But the utopian ideal envisioned by the Tesla CEO ceased to exist long ago and doesn't take into account what's happening in the real world, tech executives, Twitter employees and Silicon Valley insiders say. As Musk seeks a $43 billion hostile takeover bid for Twitter, critics say his ambition for what the platform should be - a largely unpoliced space rid of censorship - is naive, would hurt the company's growth prospects and would render the platform unsafe.

Twitter, Facebook and other social networks have spent billions of dollars and employed armies of people to create and enforce policies to reduce hate speech, misinformation and other toxic communication that degrades public discourse. In doing so, they've provoked the ire not only of politicians on the right, who claim these actions amount to censorship, but also people on the left, who say tech companies' enforcement is both too limited and biased.

"What Musk seemingly fails to recognize is that to truly have free speech today, you need moderation," said Katie Harbath, a former Facebook public policy director and CEO of consultancy Anchor Change. "Otherwise just those who bully and harass will be left as they will drive others away."

She added that content moderation and responsible platform design done right can actually allow for more speech.

Jack Dorsey, former Twitter CEO, who co-founded the social media company 16 years ago, said in a tweet about Musk's potential takeover bid: "I don't believe any individual or institutions should own social media, or more generally media companies. It should be an open and verifiable protocol. Everything is a step toward that."

Twitter declined to comment. Musk didn't immediately reply to a request for comment.

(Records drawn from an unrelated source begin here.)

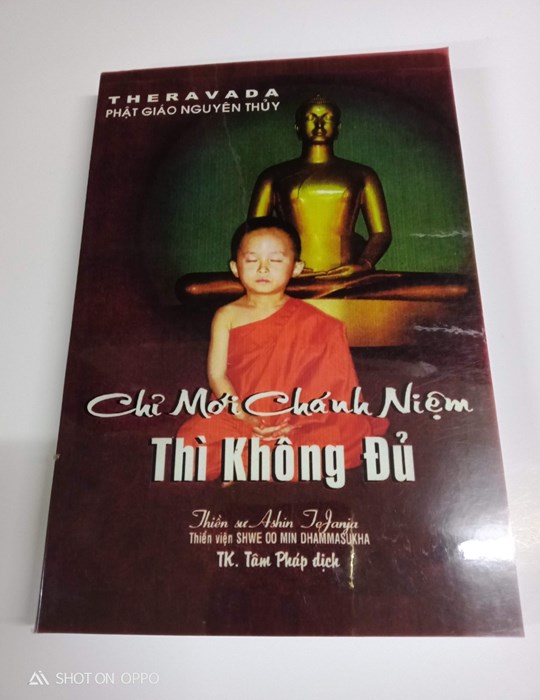 Chỉ Mỗi Chánh Niệm Thì Không Đủ
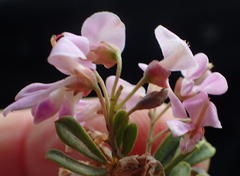 Indigofera flabellata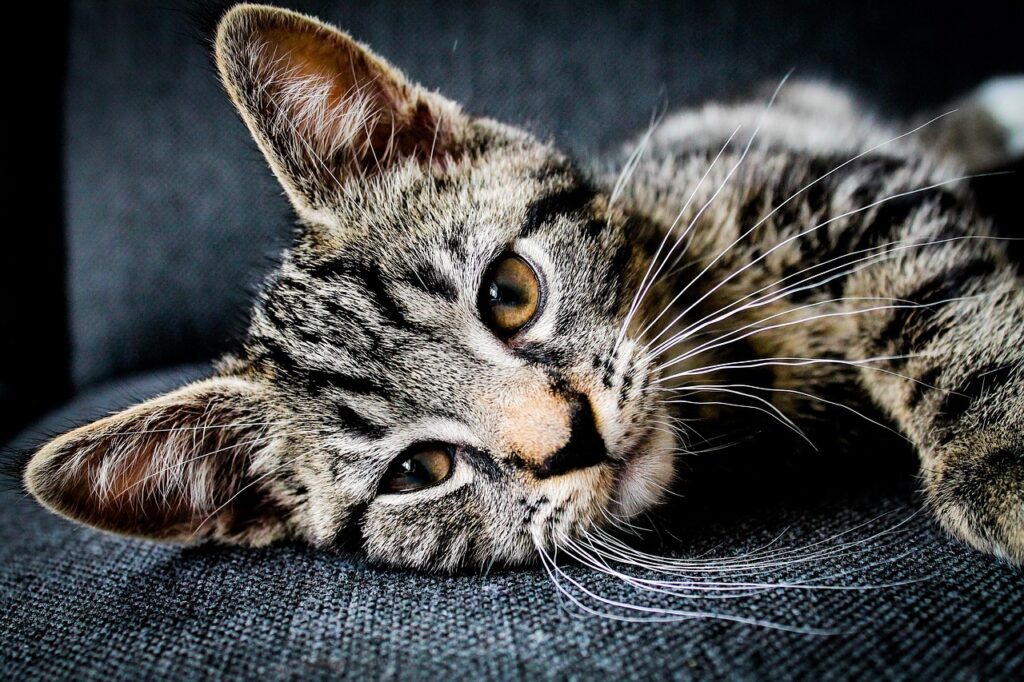 stripy cat lying on a bed inspiring to browse tabby cat names list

Musk, a prolific Twitter user himself with more than 80 million followers, has touted the benefits of free speech in the lead up to his hostile takeover bid unveiled in a Securities and Exchange filing last week. Following the disclosure, he conducted a poll asking on Twitter whether taking the company private at $54.20 a share should be up to shareholders and not the board. During a TED conference in Vancouver Thursday, he touted the merits of free speech on the Internet.

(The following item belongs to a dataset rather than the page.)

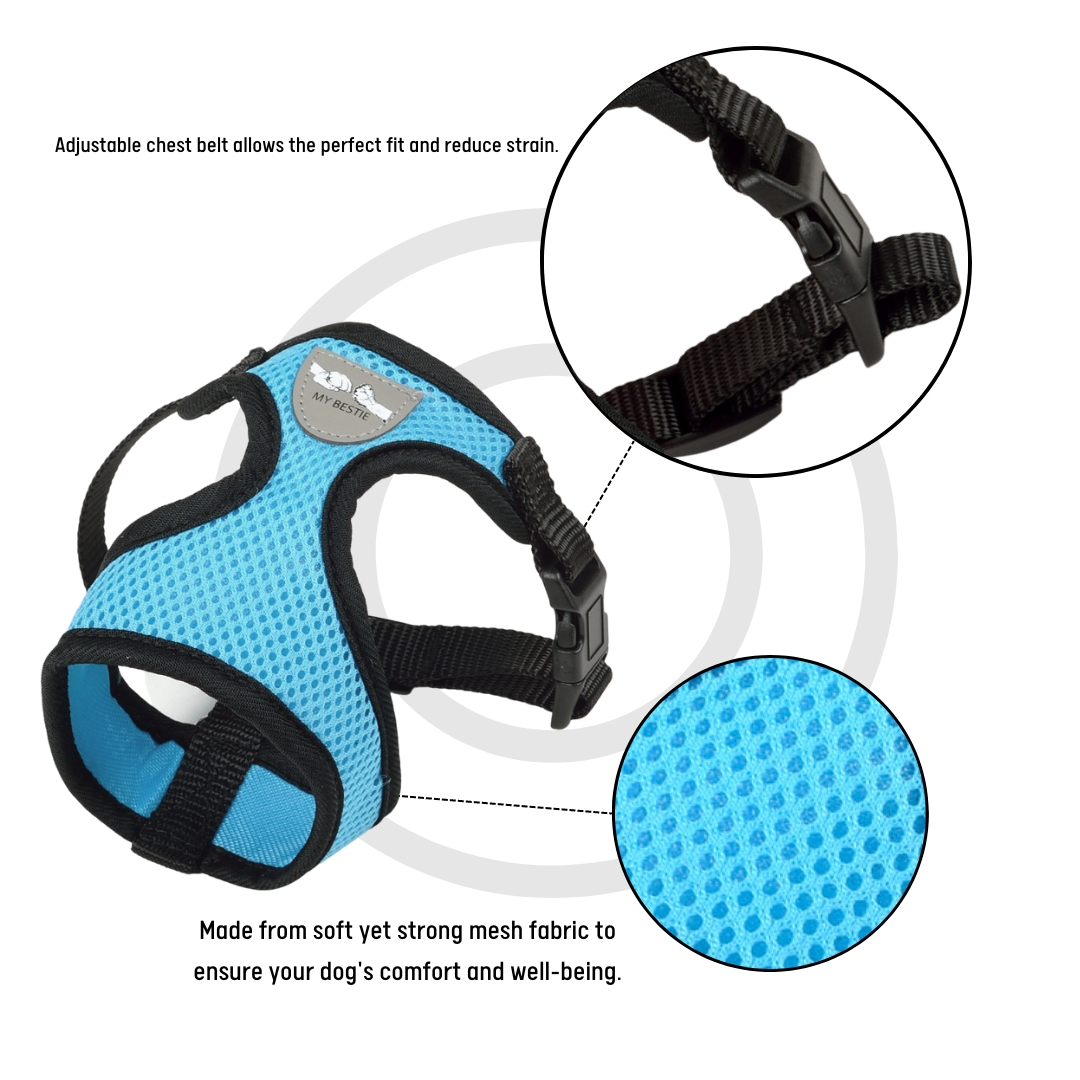 Breathable Harness, Leash & Collar Set (Blue) - XS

"I think it's very important for there to be an inclusive arena for free speech," Musk said during the TED interview. "Twitter has become kind of the de facto town square, so it's just really important that people have the, both the reality and the perception that they are able to speak freely within the bounds of the law."

Musk, who has previously referred to himself as a free speech maximalist, also said he hoped to make available to the public the company's algorithm, helping people understand how content surfaces on the platform. He also said that platforms should police speech in accordance with U.S. laws, a comment that was widely interpreted to mean that he was advocating for limited content moderation because speech in the United States short of direct calls for violence is largely protected by the First Amendment.

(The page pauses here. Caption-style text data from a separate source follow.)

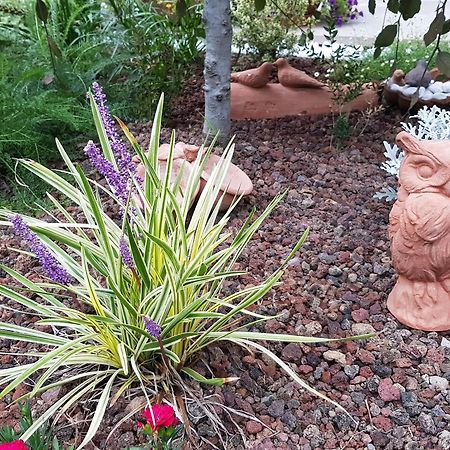 Willa Nel Giardino Di Dafne Stresa Zewnętrze zdjęcie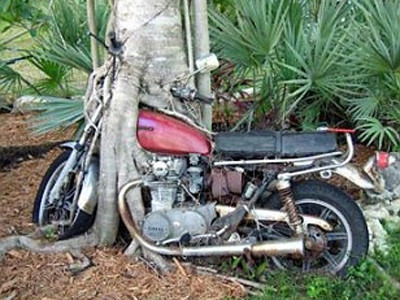 Choáng với cây 'ăn'… sắt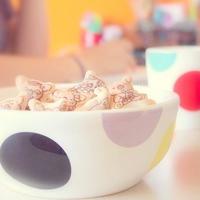 防地震安全常识讲座观后感选录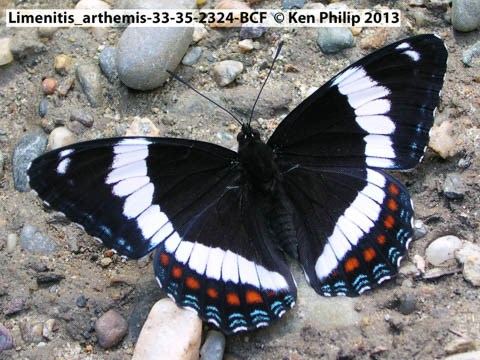 mostly black butterfly with large whit stripes and orange and blue dots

And he said his bid wasn't about making money.

"My strong intuitive sense is that having a public platform that is maximally trusted and broadly inclusive is extremely important to the future of civilization," he said.

Some pro-free speech networks have been found by researchers to be havens for white supremacists and those who wished to do harm to society.

Tech executives argue that Musk's ideals arose out of a time when the Internet served a different purpose - when concerns about government repression and news organizations as gatekeepers for speech led to early social media pioneers, including Twitter's own founders, to believe that free expression was paramount above all other ideals.

Early Internet pioneers of Musk's generation, which include Dorsey, long subscribed to the ideal that more speech is the best antidote to harmful or bad speech. The CEOs were shaped by experiences such as the Arab Spring, where everyday activists used social media services to share their experiences even as governments were trying to repress them.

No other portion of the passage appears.